Part A a
All variables are integers.
b
Ordinal data are Household, Location and Ownership and all else are nominal data. The numbers assigned to household represent as labels, each number assigned to location is a label that cannot be compared in quantitative size. 1 for ownership indicates Yes, 0 indicates No.
Numbers for other variables can be compared because the order of the numbers matter.
c
library(settings)
hist(mydf$Household) # symmetric
hist(mydf$`Family Size`) # right-skewed
hist(mydf$Location) # symmetric
hist(mydf$Ownership) # left-skewed
hist(mydf$`First Income`) # right-skewed
hist(mydf$`Second Income`) # right-skewed
hist(mydf$`Monthly Payment`) # right-skewed
hist(mydf$Utilities) # symmetric
hist(mydf$Debt) # symmetric
d
summary(mydf$Debt) # min=227, max=9104
## Min. 1st Qu. Median Mean 3rd Qu. Max.
## 227 2948 4268 4319 5676 9104
e
quantile(mydf$Debt, c(.25,.5,.75))
## 25% 50% 75%
## 2948.5 4267.5 5675.5
# 25th, 50th, 75th percentiles are 2948.5, 4267.5, 5675.5.
f
IQR(mydf$Debt) # the result is 2727.
## [1] 2727
boxplot(mydf$Debt)
# The interquartile range is the difference of its upper and lower quartiles. It is a measure of how far apart the middle portion of data spreads in value.

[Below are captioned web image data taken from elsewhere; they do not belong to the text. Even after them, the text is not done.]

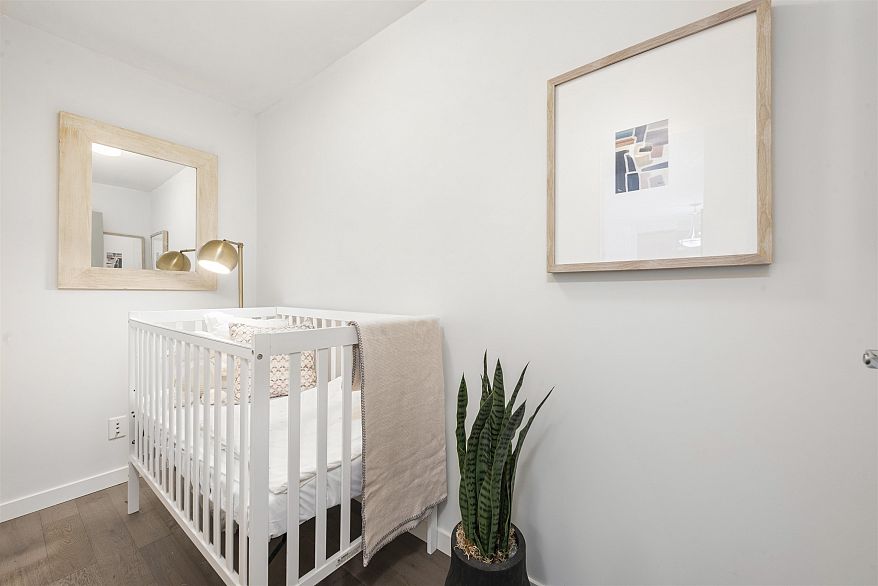 1110 161 W Georgia Street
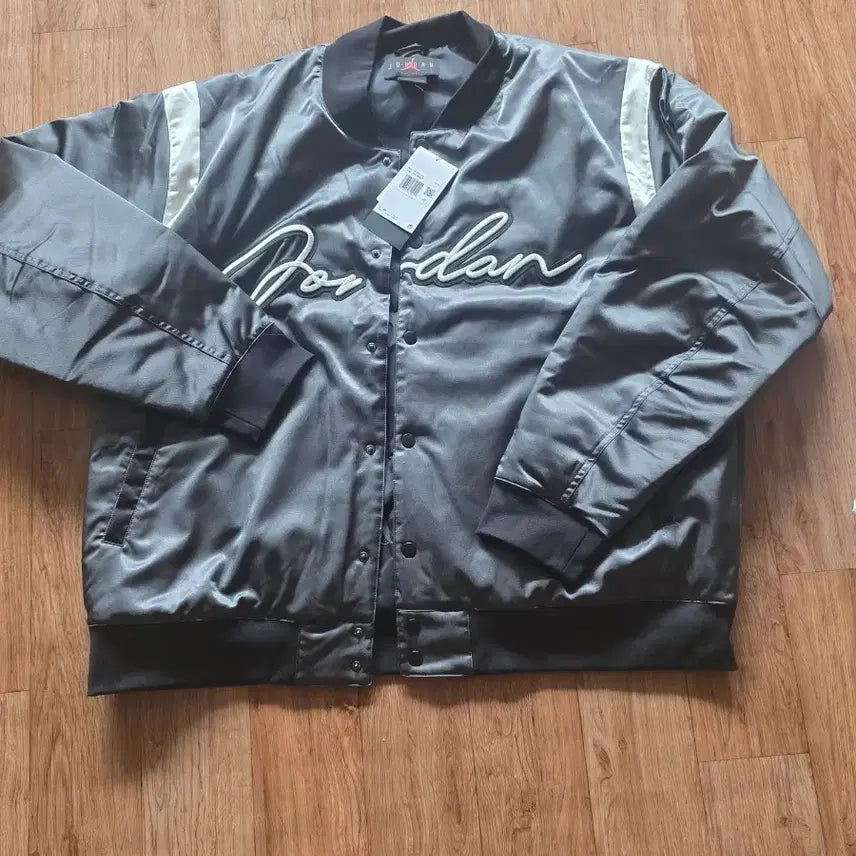 [BUNJANG] Jordan Satin Varsity Jacket XXL / 새상품 조던 새틴 바시티 자켓 XXL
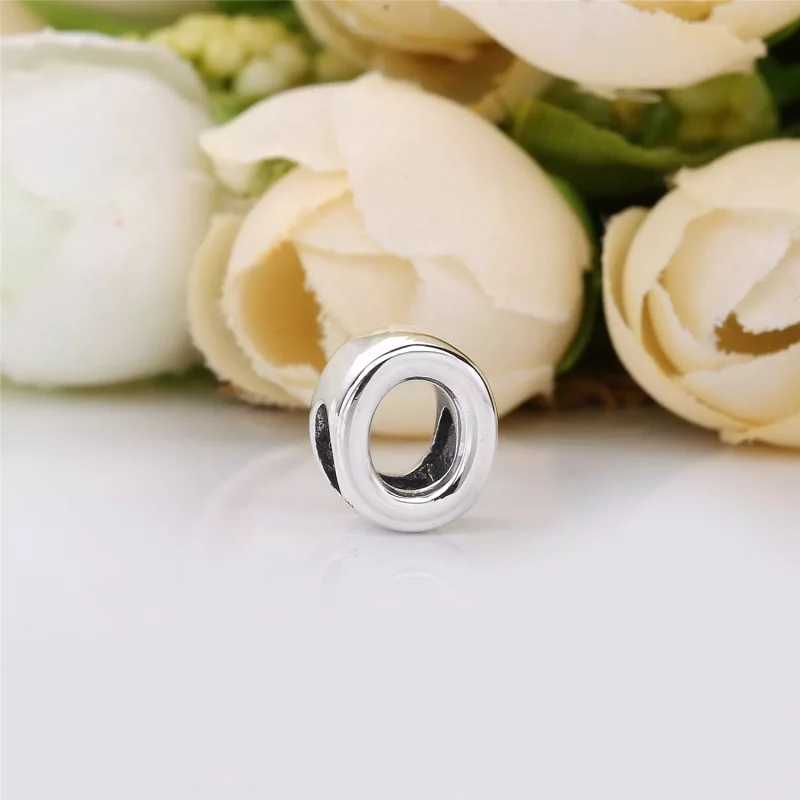 (imagen para) Charm en plata de ley Letra O - PANDORA - Ver 2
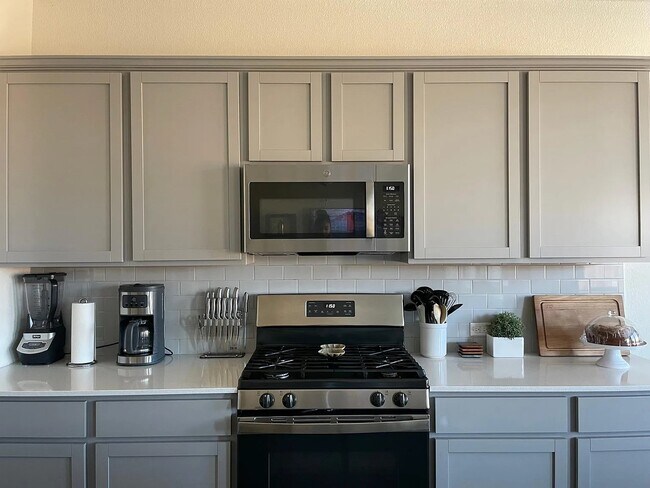 Building Photo - 2130 Clarion Dr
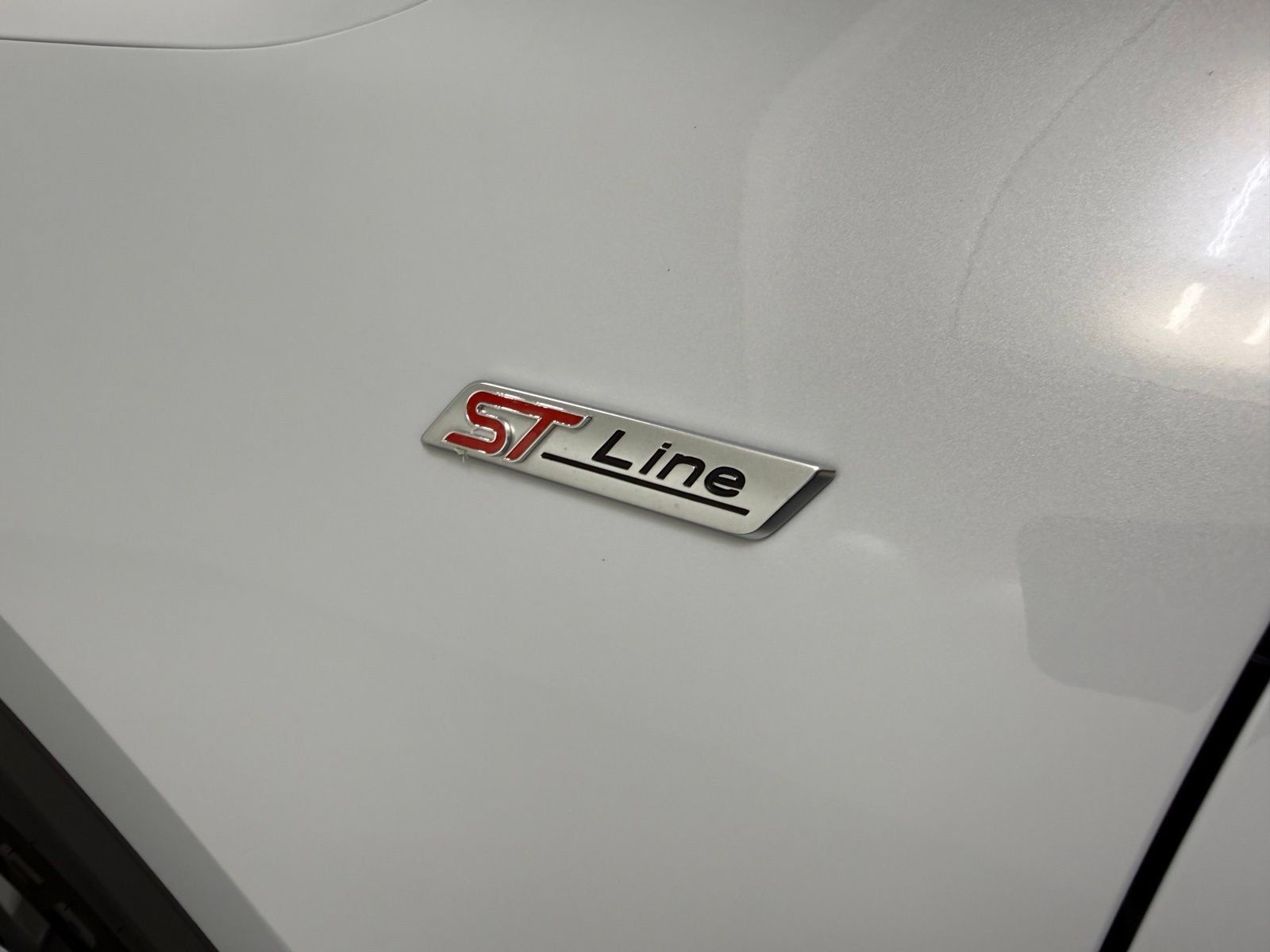 Used 2025 Ford Escape ST-Line Select AWD/4WD image 11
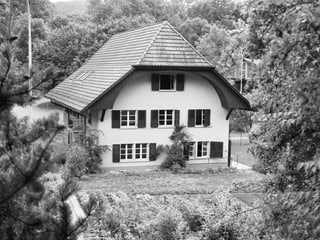 Haus in einem Waldstück beim Areal des Armeefahrzeugparks in Oberburg bei Burgdorf BE.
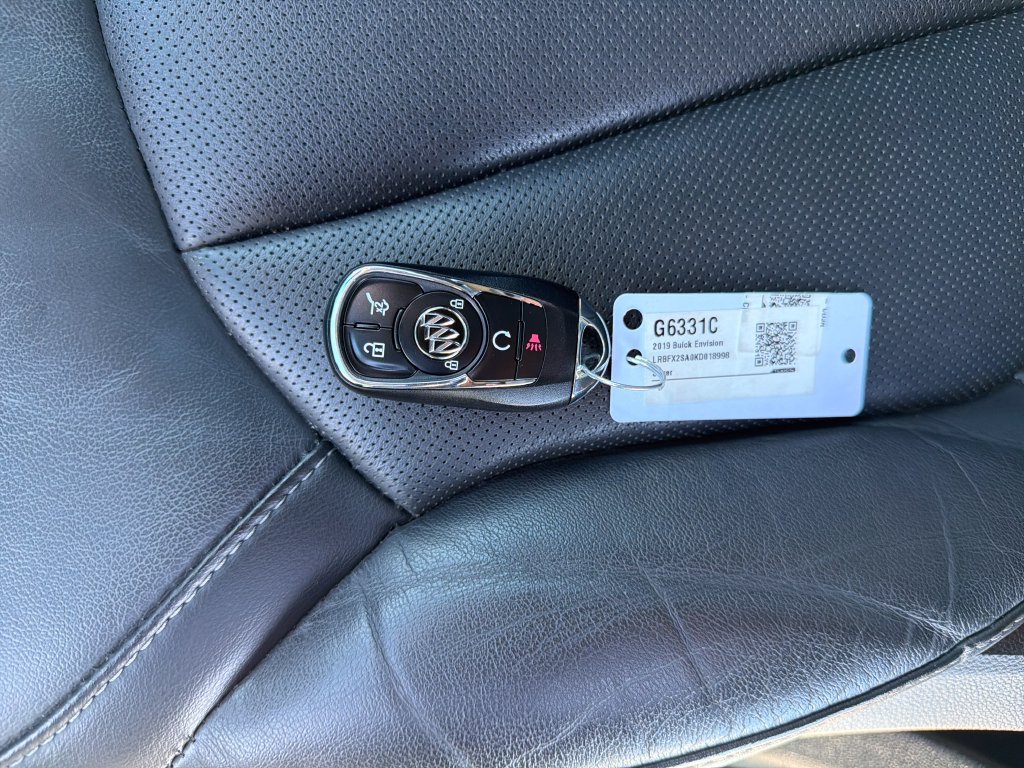 Certified 2019 Buick Envision Essence AWD/4WD image 32
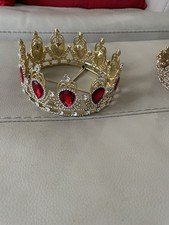 2 Queen Crowns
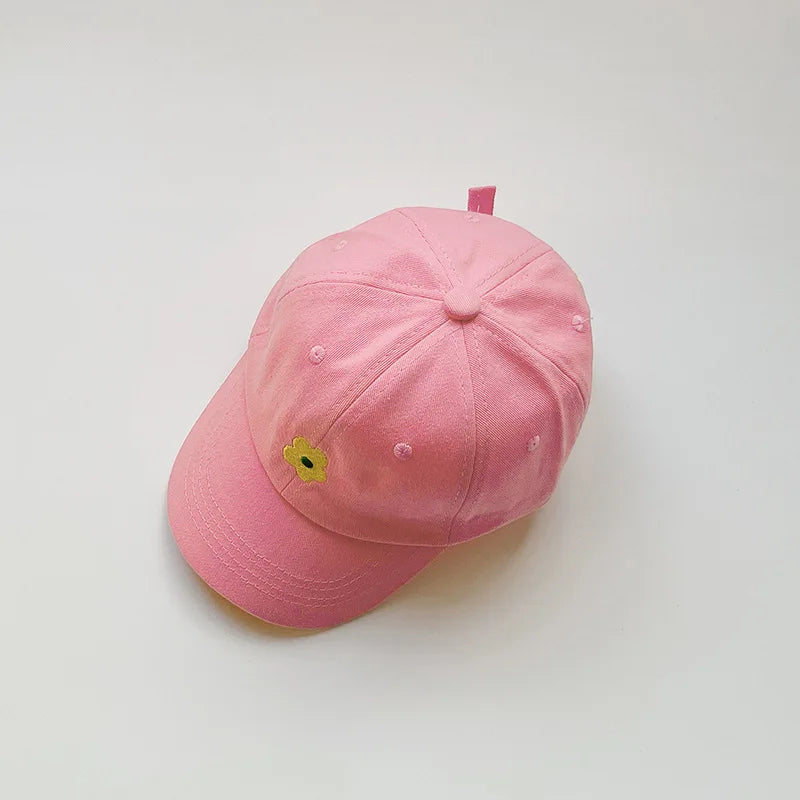 chapeau brodé motif floral pour enfant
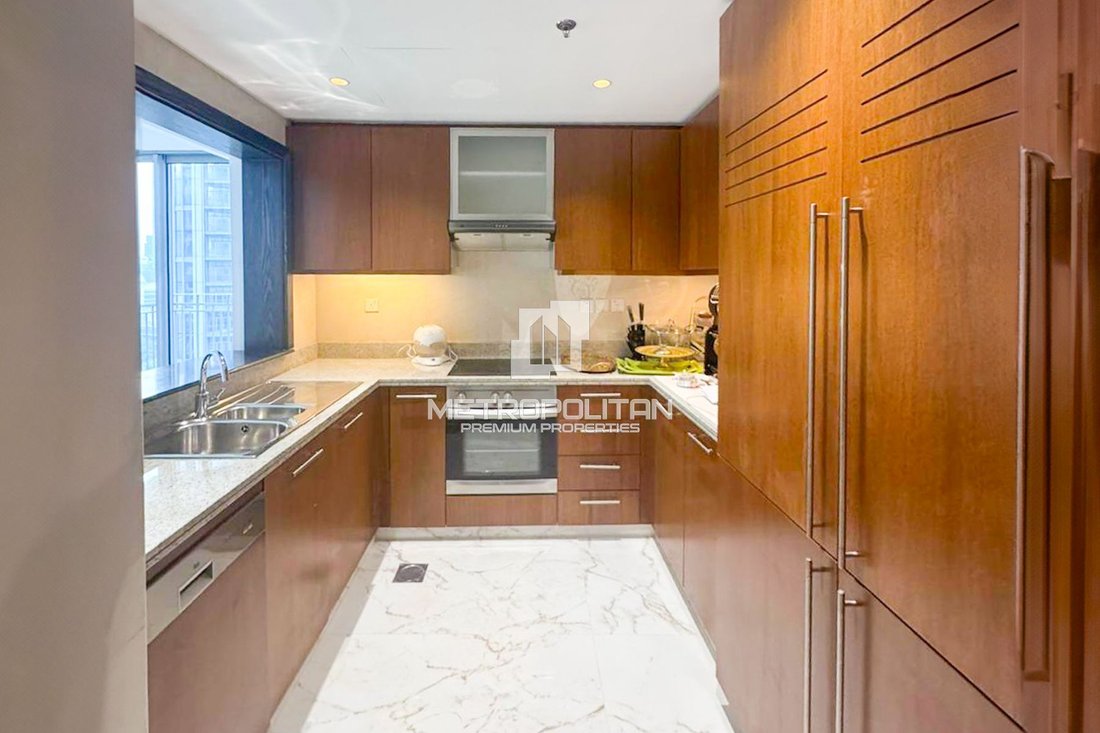 Apartment in Burj Khalifa Lake, Downtown Dubai, Dubai 2 - 16278340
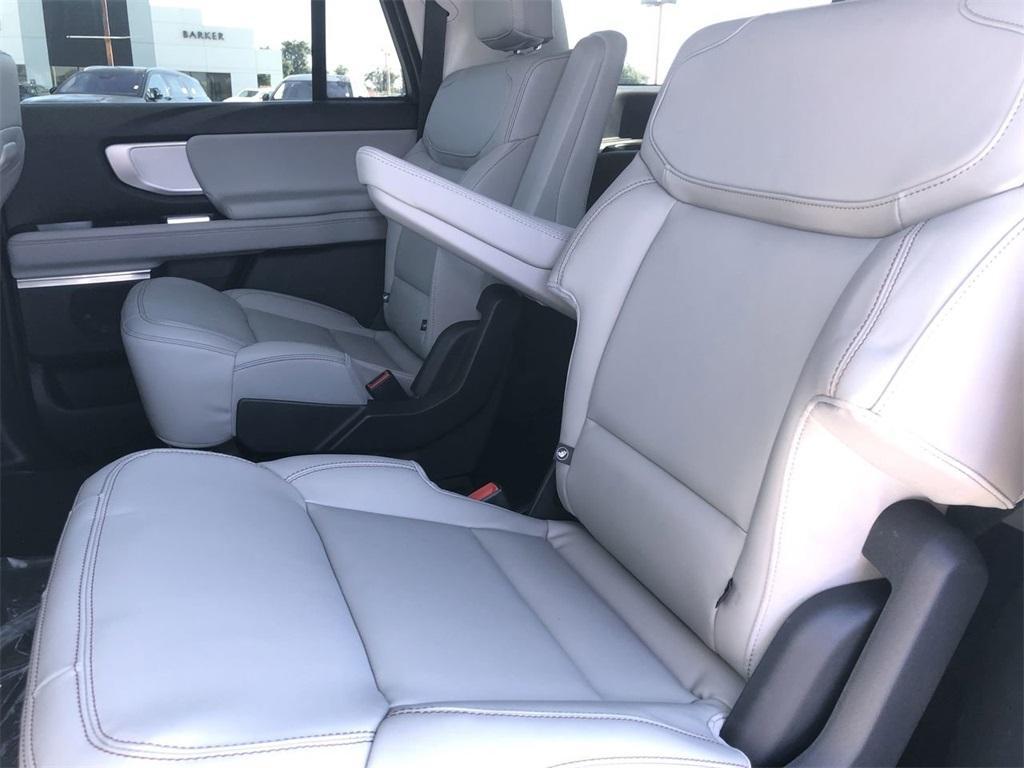 new 2025 Ford Expedition Max car, priced at $72,725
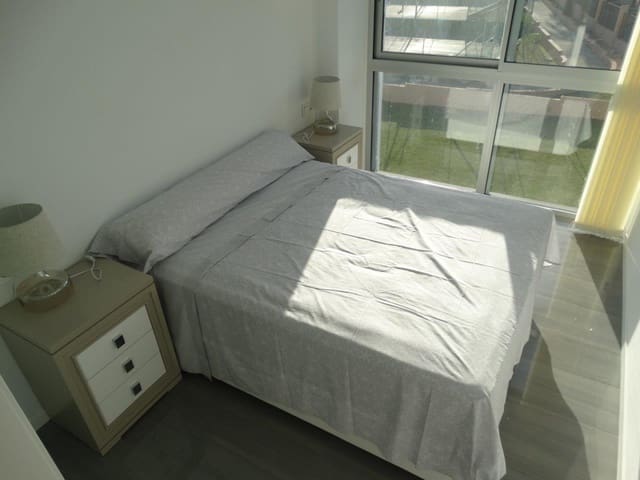 3 soveværelse Lejlighed til leje i Guardamar del Segura med swimmingpool - € 1.500 (Ref: 4400574)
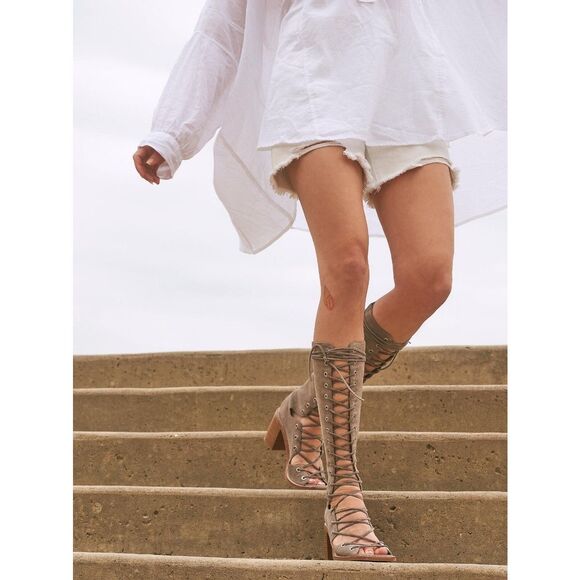 New Free People Jeffrey Campbell Zelda Lace-Up Gladiator Heels sz 8 - Picture 1 of 9
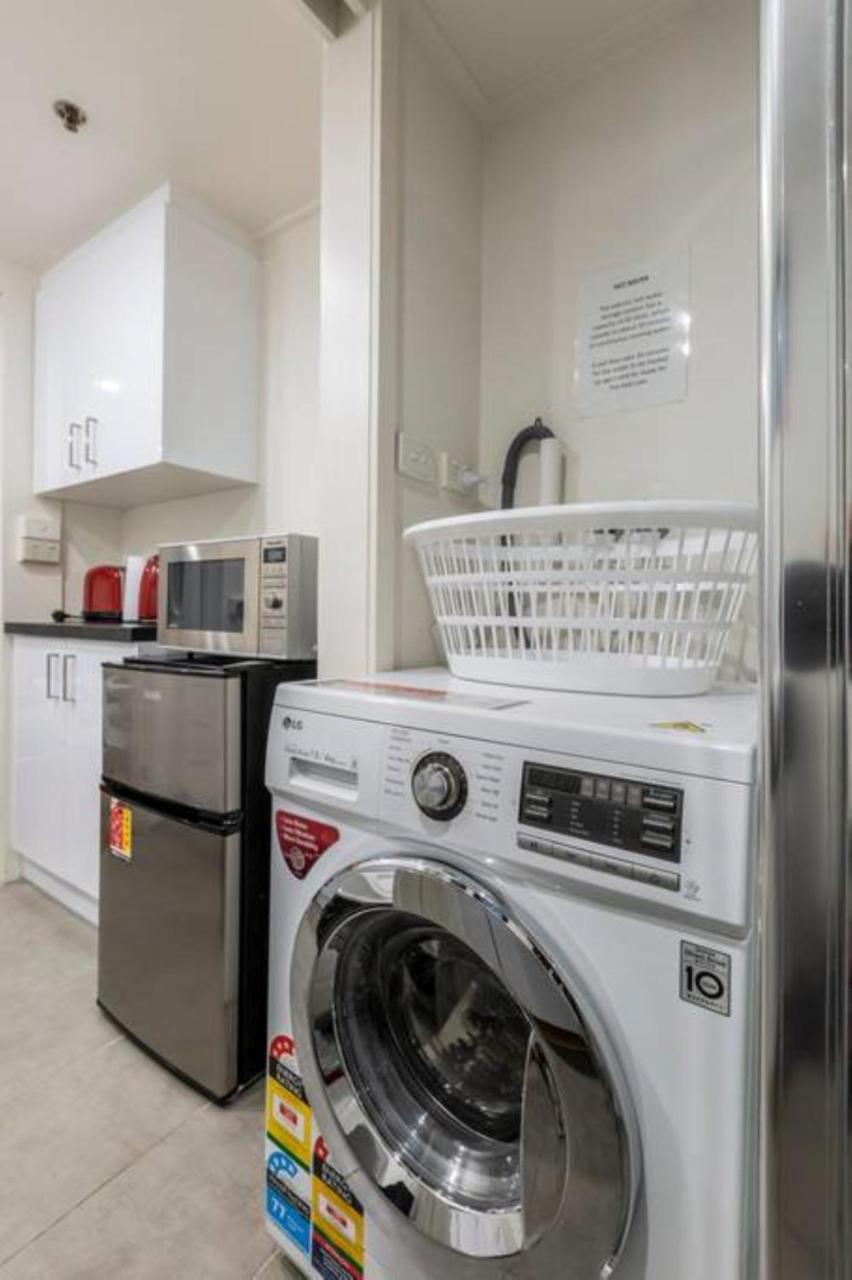 Readyset Apartments On Anthony Melbourne Eksteriør bilde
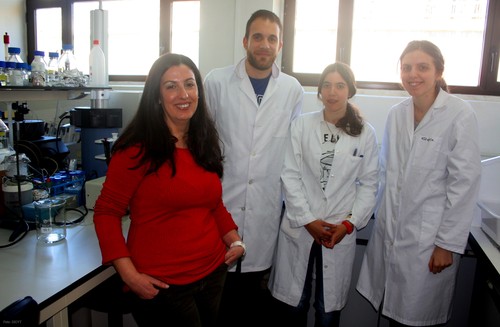 Mónica Balsera, a la izquierda, junto a otros miembros de su equipo de investigación.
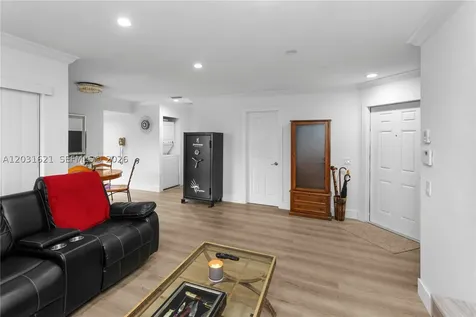 15240 SW 45th Terrace Miami FL 33185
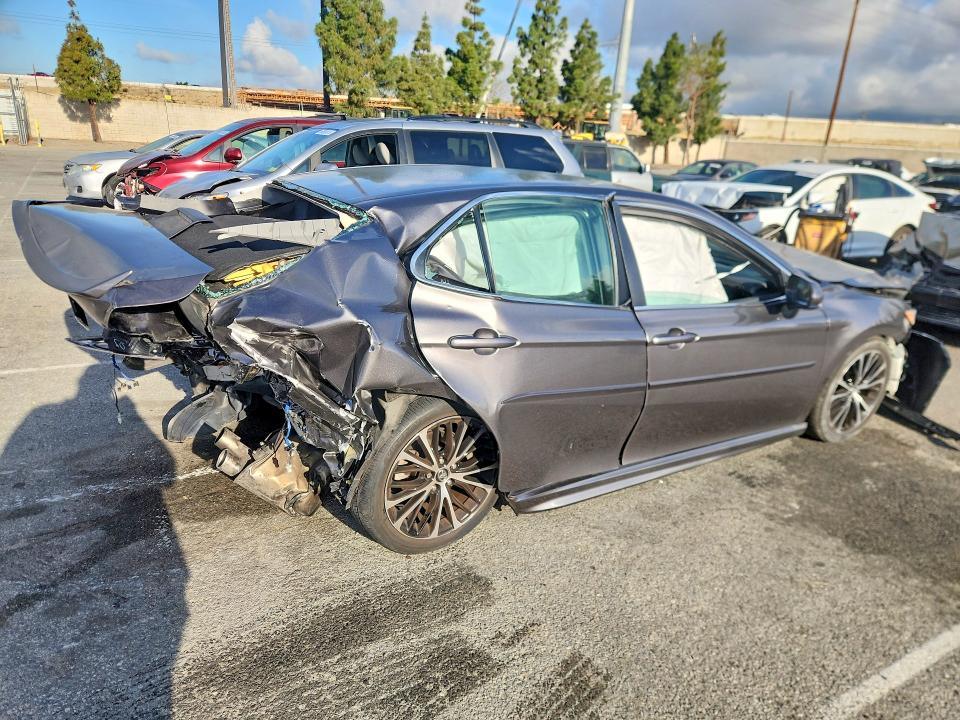 Aukcja sprzedaży 2018 Toyota Camry, vin: 4T1B11HK2JU610909, numer aukcji: 48544286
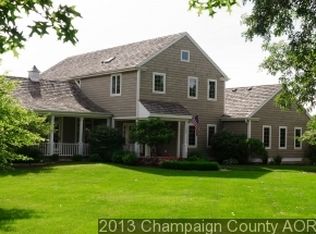1204 S Sunny Acres Rd, Mahomet, IL 61853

# It is a measure of variability and 50% of the samples are in the range between 2948 and 5676.
g
Based on debt analysis, we can see that indebtness is approximately normally distributed. Indebtness has a huge range of 227 to 9104, with median of 4268. Since the interq range is only 2727, we can see that there are outliers on both sides.